Sunday, April 15, 2007

Our first weekend

I’ll never forget that first weekend in Serti.

Serti lies in eastern Nigeria, on the only road to Cameroon in that area. It’s a narrow, dirt road, treacherously slippery because of sand in the dry season, impossibly muddy in the wet season. It was a hundred miles over that road to our nearest missionary neighbors, and that trip took us 5 hours average.

Serti was very reachable by air – during the daytime and assuming good weather. The airstrip was right next to our house. On Saturday, April 24, we landed at that strip in the twin engine plane that belonged to our mission organisation. It was always a big deal when the airplane came, and that day was no exception. I’d guess there were a hundred people there, including the Nigerian pastor with whom I would be working. (Later someone told me that his words, upon seeing me, were: They have sent us a boy!)

It was hot, dry and dusty. There was no water. The house was furnished with the furniture of the family that had been there before us. After a while everyone left, and we were alone. The midwife who was at that station had an emergency (later we learned through experience that, when it came to meeting and caring for people, she often had an “emergency”.) We were left to fend for ourselves.

Just before supper our other colleague, Ruth Veltkamp, drove up. She was in charge of our orientation and language learning.

I remember so clearly that she parked the car and sat there for just a moment, head bowed. I had no idea what she was doing, but I assumed it was praying – thanking God for a safe trip, as a missionary should. Or something like that. I had no idea. My thought was: would I think to pray and thank God after a trip? Asking the question was answering it, it seemed to me. Later I learned that she was filling in the mileage sheet.

The next morning (Sunday) we went to church with Ruth in a small village. The church was made of tree trunks with a grass roof, and we sat on benches made of clay, through a long service we could not understand. I remember constantly hearing the word “chicken”. In Hausa that means “inside” (spelled “cikin”). The temperature hovered around 100.

After the service we had lunch it someone’s house, a hut with a grass roof. The food was not good to our taste. We struggled with Sarah, the food, the people, the culture, the heat.

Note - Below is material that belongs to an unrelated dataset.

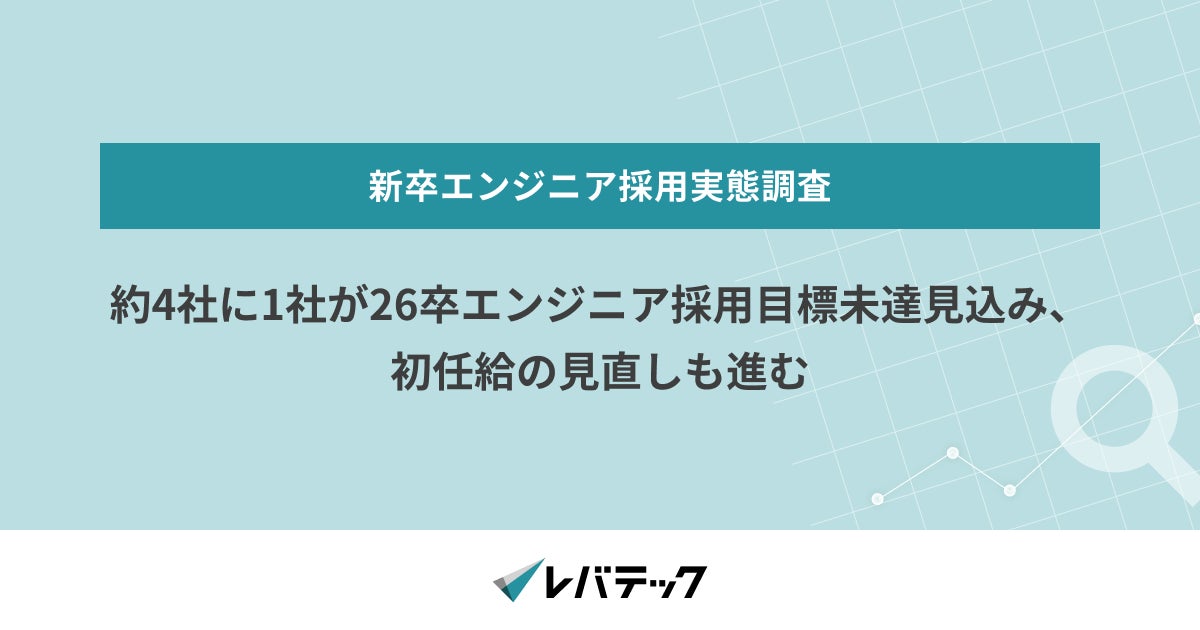 約4社に1社が26卒エンジニア採用目標未達見込み、初任給の見直しも進む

Monday morning we started our language lessons. Ruth let no grass grow under her feet. She had hired a young man to help us. We faced the huge task of learning a brand new language in an area where almost no one spoke English.

The image is still etched in my mind of me, in the afternoon, sitting on the couch next to Cyndi, crying my eyes out. I’ll never forget what that felt like.

Our first weekend in Nigeria.

1 comment:

Anonymous said...

It is very cool that you are doing this dad. I am looking forward to learning more about your journey.